The US Food and Drug Administration has approved the Vici stent for use in treating iliofemoral venous obstructive disease, Boston Scientific announced today. This is the second approval this year for a dedicated venous stent for a disease that has typically been managed in the past with off-label device use.
The Vici approval was supported by data from the 170-patient VIRTUS study. As reported by TCTMD earlier this year at ISET 2019, VIRTUS demonstrated a 12-month primary patency rate of 84%, exceeding the performance goal of 72.1% (P < 0.001). Additionally, the Venous Clinical Severity Score (VCSS) declined from 10 at baseline to 5.6 at 12 months, with only 27.3% of patients having a score of 8 or higher.
Vici joins the Venovo (Becton Dickinson) device, which received FDA approval for a similar indication less than 2 months ago based on favorable results from the VERNACULAR trial. As reported by TCTMD at VIVA 2018, VERNACULAR demonstrated a high rate of primary patency at 12 months (88.3%) and was associated with sustained improvements in quality of life.

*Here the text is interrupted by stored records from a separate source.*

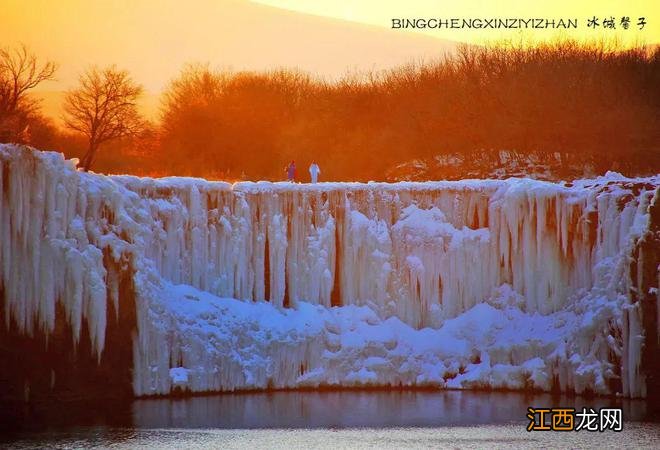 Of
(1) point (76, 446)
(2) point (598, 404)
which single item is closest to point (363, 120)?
(2) point (598, 404)

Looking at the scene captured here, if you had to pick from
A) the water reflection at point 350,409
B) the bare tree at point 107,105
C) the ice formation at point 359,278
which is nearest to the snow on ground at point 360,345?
the ice formation at point 359,278

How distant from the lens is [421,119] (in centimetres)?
5491

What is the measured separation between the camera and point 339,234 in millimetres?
32438

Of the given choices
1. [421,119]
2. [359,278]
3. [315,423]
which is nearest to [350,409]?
[315,423]

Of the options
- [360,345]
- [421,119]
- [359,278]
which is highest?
[421,119]

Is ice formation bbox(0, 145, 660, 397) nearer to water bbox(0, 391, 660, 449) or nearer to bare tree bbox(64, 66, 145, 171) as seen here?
water bbox(0, 391, 660, 449)

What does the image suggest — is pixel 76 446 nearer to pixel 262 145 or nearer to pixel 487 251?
pixel 487 251

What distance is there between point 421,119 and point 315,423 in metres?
30.4

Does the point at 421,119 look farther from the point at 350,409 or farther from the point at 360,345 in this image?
the point at 350,409

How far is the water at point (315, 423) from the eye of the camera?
78.4ft

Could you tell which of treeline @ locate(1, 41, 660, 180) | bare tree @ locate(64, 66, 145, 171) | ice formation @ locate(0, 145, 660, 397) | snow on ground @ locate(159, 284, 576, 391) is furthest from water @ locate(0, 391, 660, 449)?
bare tree @ locate(64, 66, 145, 171)

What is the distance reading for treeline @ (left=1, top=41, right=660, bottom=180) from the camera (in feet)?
162

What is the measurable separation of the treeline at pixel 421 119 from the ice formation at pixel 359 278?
18289mm

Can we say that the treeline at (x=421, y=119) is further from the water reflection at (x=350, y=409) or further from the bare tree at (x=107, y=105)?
Answer: the water reflection at (x=350, y=409) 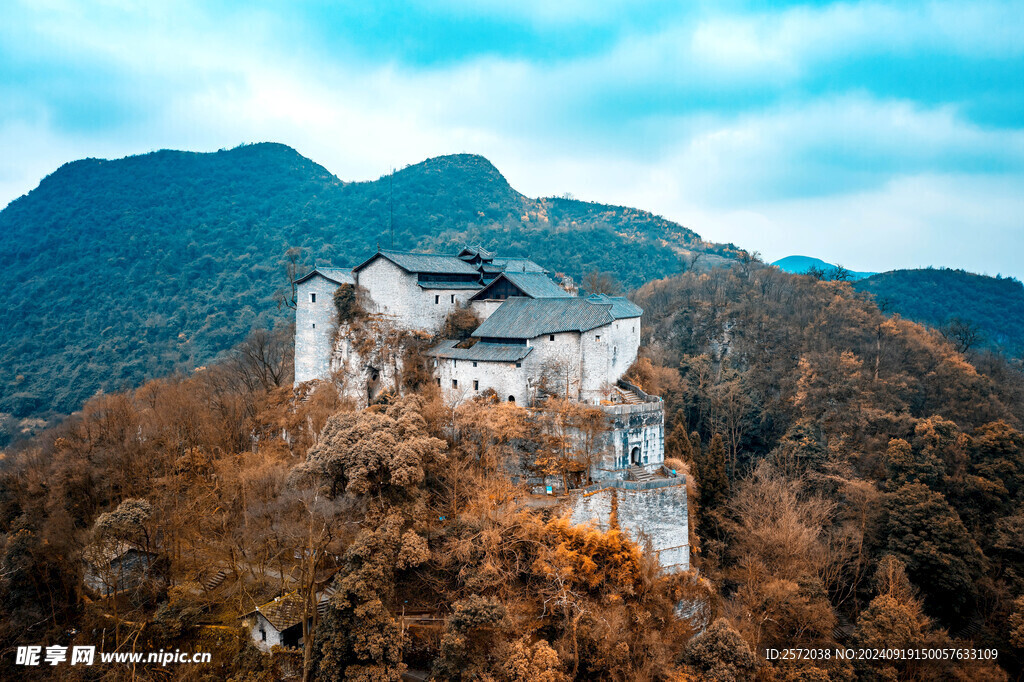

Previously, the Vici stent had received CE Mark in 2013 and the Venovo in 2015.
According to Boston Scientific, venous obstructive disease affects nearly 40% of the US population and is typically caused deep vein thrombosis, postthrombotic syndrome, and compressive diseases such as May-Thurner syndrome. The device is “designed to be crush resistant to meet the unique challenges of venous anatomy, which are subject to directional forces or twisting due to their location deep in the pelvis,” a press release reads.